[Task goal]
Begin at the line below that has "LG Scale GO" and stop after the line that has "Dobbeltsidede Tuscher - 9". Please restate only those lines, word for word.

-- Material provided follows --

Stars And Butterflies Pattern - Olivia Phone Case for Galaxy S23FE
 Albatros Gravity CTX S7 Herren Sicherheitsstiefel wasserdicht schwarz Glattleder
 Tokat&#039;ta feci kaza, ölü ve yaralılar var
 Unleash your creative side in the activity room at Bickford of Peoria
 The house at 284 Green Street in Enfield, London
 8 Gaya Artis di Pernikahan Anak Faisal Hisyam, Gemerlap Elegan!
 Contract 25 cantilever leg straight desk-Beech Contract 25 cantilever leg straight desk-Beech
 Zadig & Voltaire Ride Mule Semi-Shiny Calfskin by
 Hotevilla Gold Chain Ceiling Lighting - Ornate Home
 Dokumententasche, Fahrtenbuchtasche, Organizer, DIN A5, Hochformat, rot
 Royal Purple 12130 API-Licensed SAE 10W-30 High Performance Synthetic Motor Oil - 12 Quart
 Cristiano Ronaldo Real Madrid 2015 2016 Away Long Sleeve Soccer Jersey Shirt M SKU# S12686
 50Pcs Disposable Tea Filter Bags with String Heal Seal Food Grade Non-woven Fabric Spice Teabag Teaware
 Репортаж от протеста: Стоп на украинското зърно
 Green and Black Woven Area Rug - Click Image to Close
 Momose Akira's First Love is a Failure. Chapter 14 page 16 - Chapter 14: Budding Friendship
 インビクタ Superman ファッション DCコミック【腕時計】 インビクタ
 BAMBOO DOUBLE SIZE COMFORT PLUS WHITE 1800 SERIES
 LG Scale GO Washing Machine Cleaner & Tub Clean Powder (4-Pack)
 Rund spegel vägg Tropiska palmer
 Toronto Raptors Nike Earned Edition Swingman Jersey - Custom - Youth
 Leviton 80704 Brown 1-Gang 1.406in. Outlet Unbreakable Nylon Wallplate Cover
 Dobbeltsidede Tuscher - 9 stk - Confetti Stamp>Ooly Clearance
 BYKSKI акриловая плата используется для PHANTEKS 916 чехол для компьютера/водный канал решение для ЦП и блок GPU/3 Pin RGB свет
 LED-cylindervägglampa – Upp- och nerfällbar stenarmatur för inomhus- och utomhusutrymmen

-- Material provided concluded --

[Task output]
 LG Scale GO Washing Machine Cleaner & Tub Clean Powder (4-Pack)
 Rund spegel vägg Tropiska palmer
 Toronto Raptors Nike Earned Edition Swingman Jersey - Custom - Youth
 Leviton 80704 Brown 1-Gang 1.406in. Outlet Unbreakable Nylon Wallplate Cover
 Dobbeltsidede Tuscher - 9 stk - Confetti Stamp>Ooly Clearance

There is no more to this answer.